**** Provided material
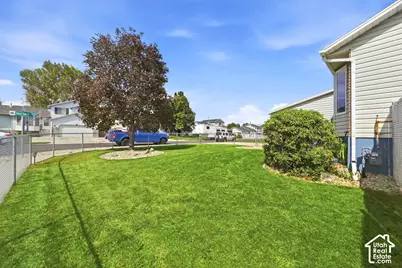 6061 S Walnut View Dr, Salt Lake City, UT 84118 - Photo 26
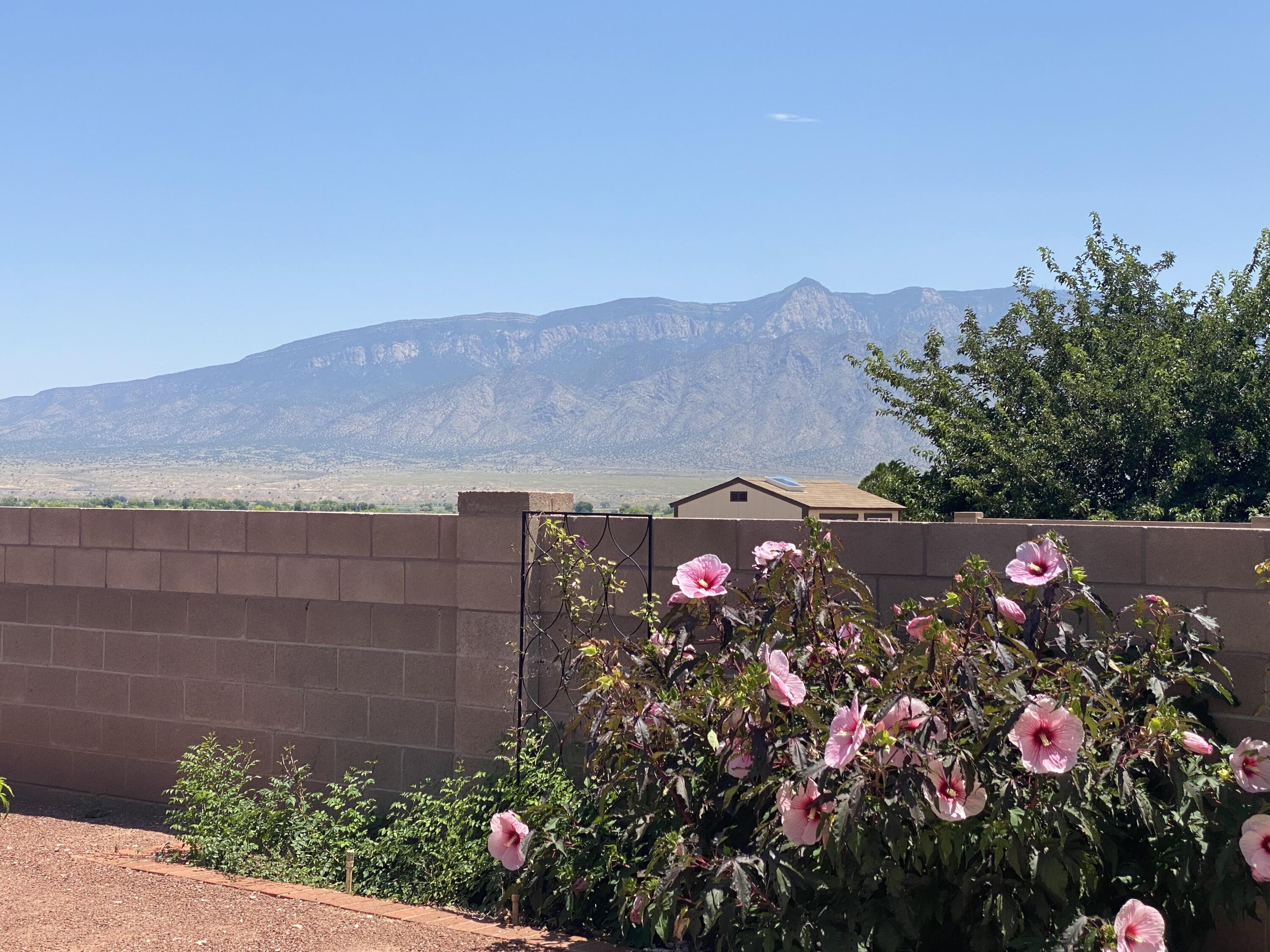 6394 Roadrunner Loop NE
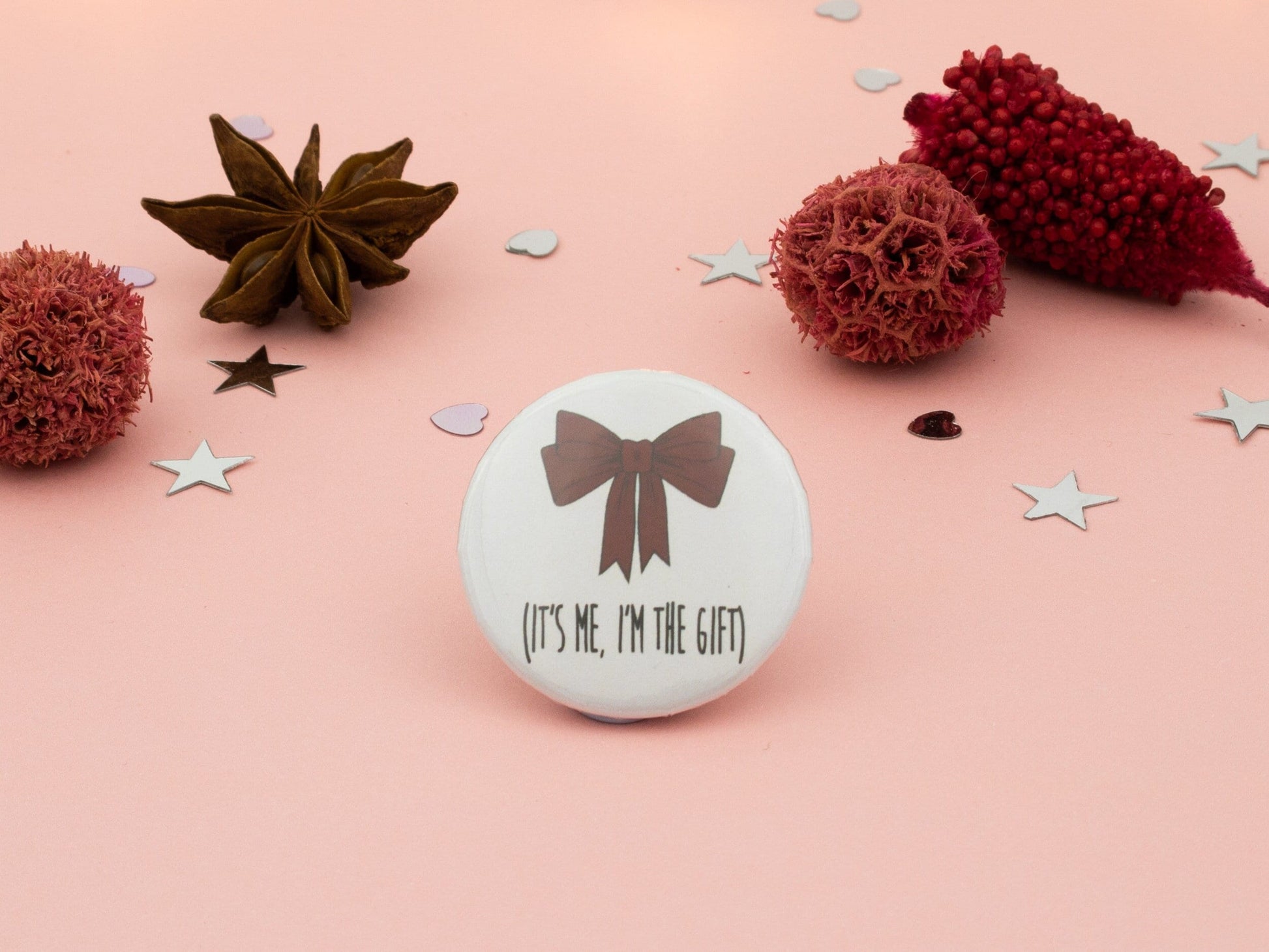 It's Me - I'm the Gift! Funny Christmas Badge | Stocking Stuffers | Festive Pins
********
[What you need to do] Copy the final stretch of lines, starting at the one that holds "6394 Roadrunner Loop NE" and ending at the last line of the data, exactly; omit pictures.

[The completed task]
 6394 Roadrunner Loop NE
 It's Me - I'm the Gift! Funny Christmas Badge | Stocking Stuffers | Festive Pins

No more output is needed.